### Work required
Find the line below with "Потешки. Дождик. Леда" and the line with "Card image of OP16-073 Borsalino". Output them and the lines between, exactly, but not the pictures.

:: Data for this task ::

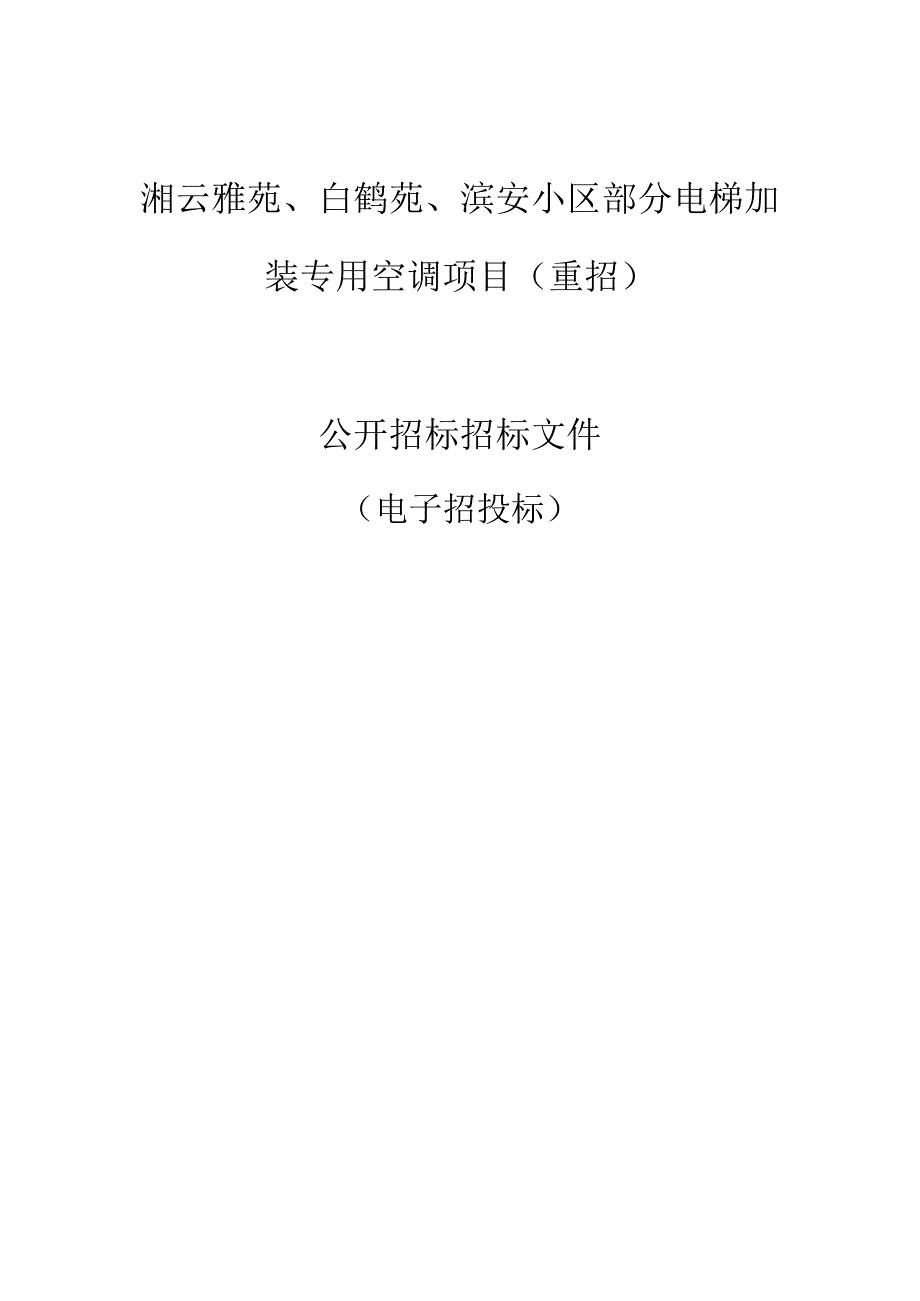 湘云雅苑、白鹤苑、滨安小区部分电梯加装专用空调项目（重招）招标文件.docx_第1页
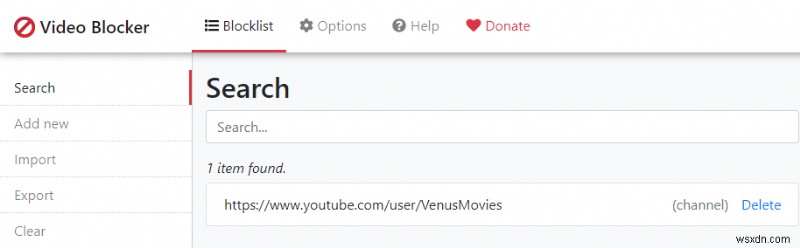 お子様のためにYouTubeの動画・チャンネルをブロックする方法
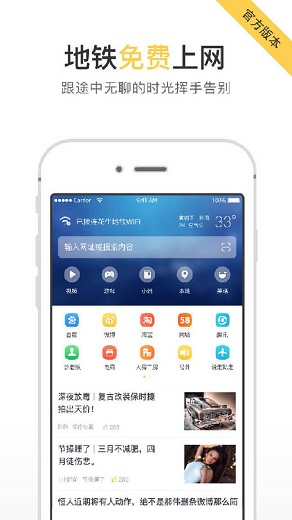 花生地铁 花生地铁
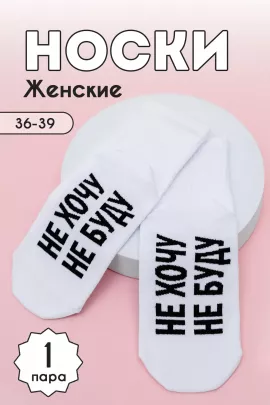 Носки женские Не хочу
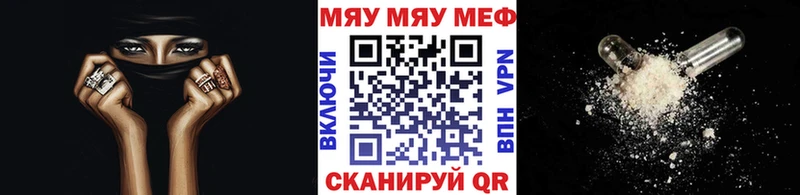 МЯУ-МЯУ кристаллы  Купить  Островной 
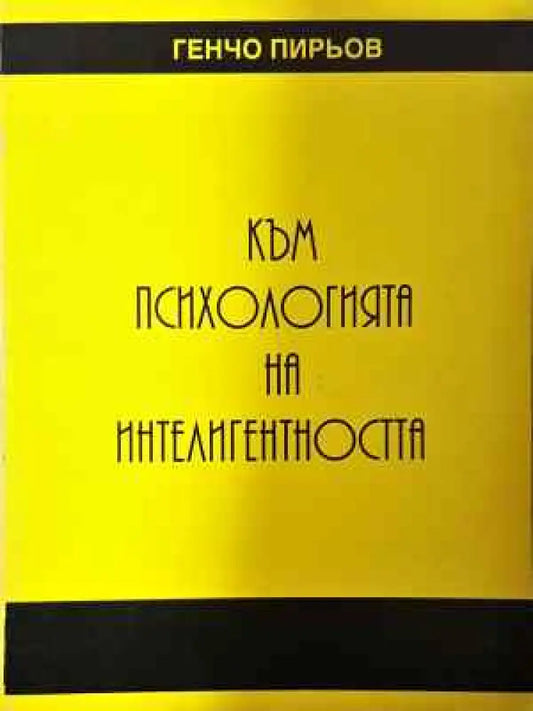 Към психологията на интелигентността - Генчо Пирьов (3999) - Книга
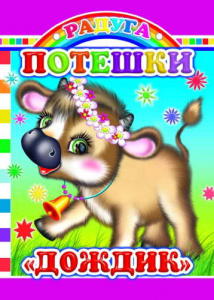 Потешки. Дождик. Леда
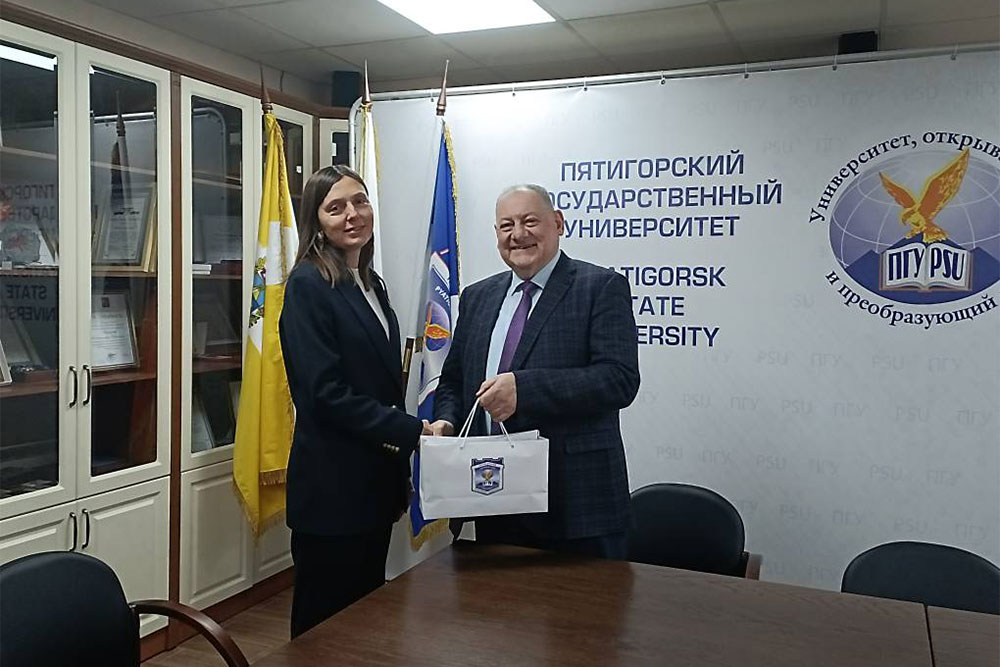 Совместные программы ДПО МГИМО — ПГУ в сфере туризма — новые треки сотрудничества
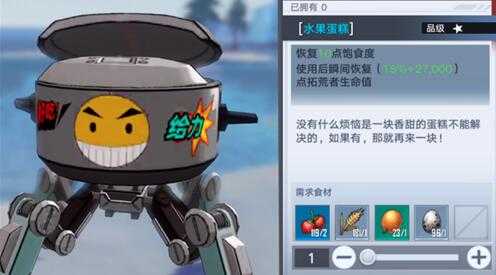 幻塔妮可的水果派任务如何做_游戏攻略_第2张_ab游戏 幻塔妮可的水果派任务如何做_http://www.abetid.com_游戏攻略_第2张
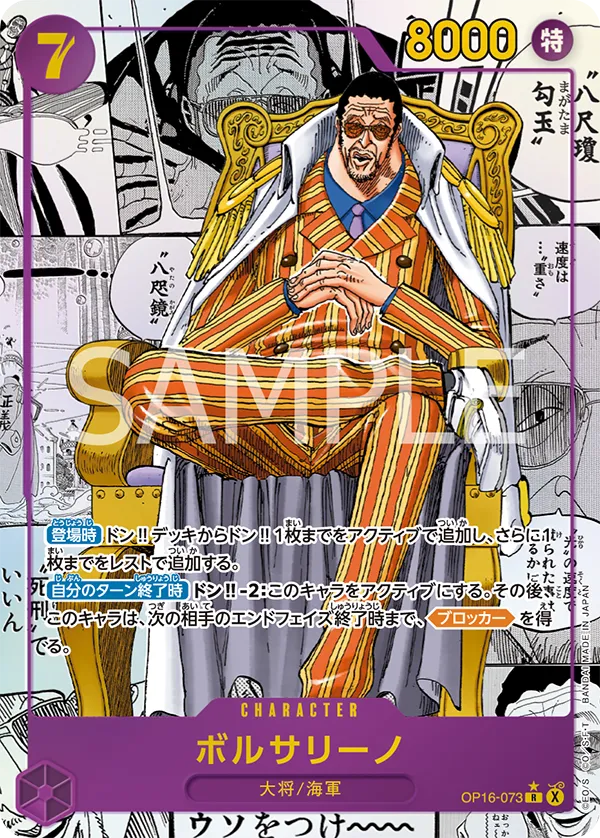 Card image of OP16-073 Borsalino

:::
:: Data for this task ::

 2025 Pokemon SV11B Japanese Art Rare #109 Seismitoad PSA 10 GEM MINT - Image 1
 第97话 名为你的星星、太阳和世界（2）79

:::

### Task solution
 Потешки. Дождик. Леда
 Совместные программы ДПО МГИМО — ПГУ в сфере туризма — новые треки сотрудничества
 幻塔妮可的水果派任务如何做_游戏攻略_第2张_ab游戏 幻塔妮可的水果派任务如何做_http://www.abetid.com_游戏攻略_第2张
 Card image of OP16-073 Borsalino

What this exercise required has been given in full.